Despite a number of proposed modifications, band theory has failed to explain electron conduction, metallic behavior and other physical properties in these new superconductors that can carry electricity without resistance at much higher temperatures than previously had been possible.
Discovery of the new superconductors created tremendous excitement both among basic scientists and those interested in potential applications such as more efficient electrical generators, lossless powerlines and magnetically levitated vehicles. Slower than anticipated progress toward the goal of room temperature superconductivity has dampened the excitement of those looking for short-term applications. But interest has remained high among basic researchers, who argue that improved understanding of how these materials work is the most likely way to achieve this difficult and elusive goal.
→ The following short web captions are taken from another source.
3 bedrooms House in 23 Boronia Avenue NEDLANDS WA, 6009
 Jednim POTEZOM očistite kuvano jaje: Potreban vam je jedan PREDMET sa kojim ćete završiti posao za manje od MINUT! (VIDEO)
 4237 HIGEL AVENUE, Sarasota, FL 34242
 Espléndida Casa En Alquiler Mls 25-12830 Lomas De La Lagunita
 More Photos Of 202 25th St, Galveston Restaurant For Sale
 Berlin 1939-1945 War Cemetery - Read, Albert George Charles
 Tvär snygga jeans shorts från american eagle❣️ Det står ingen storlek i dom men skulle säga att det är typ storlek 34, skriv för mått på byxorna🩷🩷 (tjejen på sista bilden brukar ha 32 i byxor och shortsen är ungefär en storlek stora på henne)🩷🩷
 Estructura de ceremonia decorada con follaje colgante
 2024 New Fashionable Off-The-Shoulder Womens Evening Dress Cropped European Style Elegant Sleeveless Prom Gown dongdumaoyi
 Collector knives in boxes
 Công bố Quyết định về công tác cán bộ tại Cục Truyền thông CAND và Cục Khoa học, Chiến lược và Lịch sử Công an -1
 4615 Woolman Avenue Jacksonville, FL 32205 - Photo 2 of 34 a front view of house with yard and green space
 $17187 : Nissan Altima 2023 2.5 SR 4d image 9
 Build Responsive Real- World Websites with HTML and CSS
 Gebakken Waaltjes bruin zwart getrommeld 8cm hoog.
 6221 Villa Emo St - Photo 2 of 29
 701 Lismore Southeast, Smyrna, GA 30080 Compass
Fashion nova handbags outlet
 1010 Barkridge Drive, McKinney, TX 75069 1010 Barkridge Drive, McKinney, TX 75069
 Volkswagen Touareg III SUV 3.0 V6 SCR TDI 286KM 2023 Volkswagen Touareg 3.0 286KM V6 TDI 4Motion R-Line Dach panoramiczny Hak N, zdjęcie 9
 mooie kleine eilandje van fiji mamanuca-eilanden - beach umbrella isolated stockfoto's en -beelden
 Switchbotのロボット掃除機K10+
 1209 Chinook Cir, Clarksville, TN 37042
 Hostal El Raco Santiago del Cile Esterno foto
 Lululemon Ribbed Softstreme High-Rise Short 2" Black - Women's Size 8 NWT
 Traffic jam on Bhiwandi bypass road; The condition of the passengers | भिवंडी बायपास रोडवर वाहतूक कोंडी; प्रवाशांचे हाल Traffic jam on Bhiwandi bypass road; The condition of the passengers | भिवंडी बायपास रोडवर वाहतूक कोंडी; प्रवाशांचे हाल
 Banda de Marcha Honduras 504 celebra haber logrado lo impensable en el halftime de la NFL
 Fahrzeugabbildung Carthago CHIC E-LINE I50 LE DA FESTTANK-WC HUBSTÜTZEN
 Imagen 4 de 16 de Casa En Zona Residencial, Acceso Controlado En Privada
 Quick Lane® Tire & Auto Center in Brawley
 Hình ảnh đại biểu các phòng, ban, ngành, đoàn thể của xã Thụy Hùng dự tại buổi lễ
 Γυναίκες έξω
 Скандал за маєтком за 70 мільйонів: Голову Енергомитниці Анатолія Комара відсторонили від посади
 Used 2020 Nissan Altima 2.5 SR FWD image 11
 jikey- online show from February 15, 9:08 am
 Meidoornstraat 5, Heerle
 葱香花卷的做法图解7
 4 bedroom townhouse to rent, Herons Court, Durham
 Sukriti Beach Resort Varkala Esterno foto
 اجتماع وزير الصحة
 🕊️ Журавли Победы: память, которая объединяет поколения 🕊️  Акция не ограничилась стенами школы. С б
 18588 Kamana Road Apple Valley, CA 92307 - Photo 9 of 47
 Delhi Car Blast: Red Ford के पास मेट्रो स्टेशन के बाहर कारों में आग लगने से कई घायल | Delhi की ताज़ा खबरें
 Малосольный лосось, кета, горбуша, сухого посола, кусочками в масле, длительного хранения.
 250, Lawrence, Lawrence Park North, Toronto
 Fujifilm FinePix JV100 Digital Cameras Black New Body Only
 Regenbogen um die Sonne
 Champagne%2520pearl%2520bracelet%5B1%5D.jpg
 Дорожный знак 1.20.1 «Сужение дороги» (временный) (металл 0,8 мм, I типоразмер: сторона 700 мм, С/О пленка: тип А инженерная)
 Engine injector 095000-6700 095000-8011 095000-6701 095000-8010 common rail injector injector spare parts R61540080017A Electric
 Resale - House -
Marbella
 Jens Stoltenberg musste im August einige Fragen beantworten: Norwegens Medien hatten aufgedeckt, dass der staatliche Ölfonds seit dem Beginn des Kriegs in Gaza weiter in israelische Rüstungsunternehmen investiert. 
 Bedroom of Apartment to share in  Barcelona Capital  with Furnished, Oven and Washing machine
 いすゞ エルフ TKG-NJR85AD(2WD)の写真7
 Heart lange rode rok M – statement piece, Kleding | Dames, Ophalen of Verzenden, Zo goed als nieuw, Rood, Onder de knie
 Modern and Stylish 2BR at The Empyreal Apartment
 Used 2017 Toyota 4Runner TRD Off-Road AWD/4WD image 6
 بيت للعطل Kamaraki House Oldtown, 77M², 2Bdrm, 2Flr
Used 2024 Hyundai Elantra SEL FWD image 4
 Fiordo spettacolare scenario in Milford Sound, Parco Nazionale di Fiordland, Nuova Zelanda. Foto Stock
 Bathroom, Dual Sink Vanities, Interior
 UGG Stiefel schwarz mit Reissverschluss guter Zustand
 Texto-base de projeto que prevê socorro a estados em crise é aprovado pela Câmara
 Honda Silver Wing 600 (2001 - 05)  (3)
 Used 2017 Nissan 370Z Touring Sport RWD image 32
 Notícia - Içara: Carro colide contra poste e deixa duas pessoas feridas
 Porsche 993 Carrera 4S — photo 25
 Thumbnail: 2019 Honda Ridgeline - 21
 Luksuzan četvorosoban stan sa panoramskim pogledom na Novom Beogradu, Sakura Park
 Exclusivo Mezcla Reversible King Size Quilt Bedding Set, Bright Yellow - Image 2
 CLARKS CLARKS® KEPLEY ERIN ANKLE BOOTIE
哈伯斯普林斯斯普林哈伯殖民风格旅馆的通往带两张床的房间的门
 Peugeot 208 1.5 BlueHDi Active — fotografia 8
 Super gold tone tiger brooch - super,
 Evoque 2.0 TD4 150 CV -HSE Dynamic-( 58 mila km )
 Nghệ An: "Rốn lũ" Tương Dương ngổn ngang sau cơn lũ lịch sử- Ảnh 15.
Now a group of scientists at Stanford and the Massachusetts Institute of Technology has published the results of a series of experiments on six high temperature superconductors. They hope that their data will provide an empirical basis for developing a more general theory of electron transport that can describe not only how electrons move through materials where band theory works extremely well but also how they move within materials like high temperature superconductors, where the current theory breaks down.
“There are things going on in these materials that band theory can't explain,” says Zhi-Xun Shen, assistant professor of applied physics at Stanford, who headed the research effort. “That is one of the reasons that they have such surprising properties.”
The paper reports the results of the most detailed studies of high temperature superconductors yet performed by a demanding experimental technique called photoemission spectroscopy, which provides direct information about electron movement within such materials. Its authors are Shen; William E. Spicer, Stanford professor emeritus of electrical engineering; Stanford graduate student David M. King; Stanford Linear Accelerator Center physicist Daniel S. Dessau; and postdoctoral fellow Barry O. Wells of the Massachusetts Institute of Technology.
(A similar analysis of a single high temperature superconductor published two years ago in Physical Review Letters by this group was recently ranked by the Institute for Scientific Information as one of the 10 most highly cited physics papers last year.)
"For a number of years, we have known that band theory doesn't explain electron transport in certain materials, such as transition metal oxides like nickel oxide, but this has largely been ignored because the theory has proven so successful on commercially important materials like silicon," says Spicer, who helped pioneer photoemission spectroscopy.
Band theory, more properly called one-electron band theory, provides a conceptually simple explanation for electron transport. Instead of dealing individually with the millions of electrons that flow through a solid, the theory starts with an individual electron. It then approximates the complex interplay of forces acting upon that electron with a series of wave functions that represent the average conditions that an electron experiences. This approximation has proven remarkably accurate for estimating electron flow in silicon chips and many other materials.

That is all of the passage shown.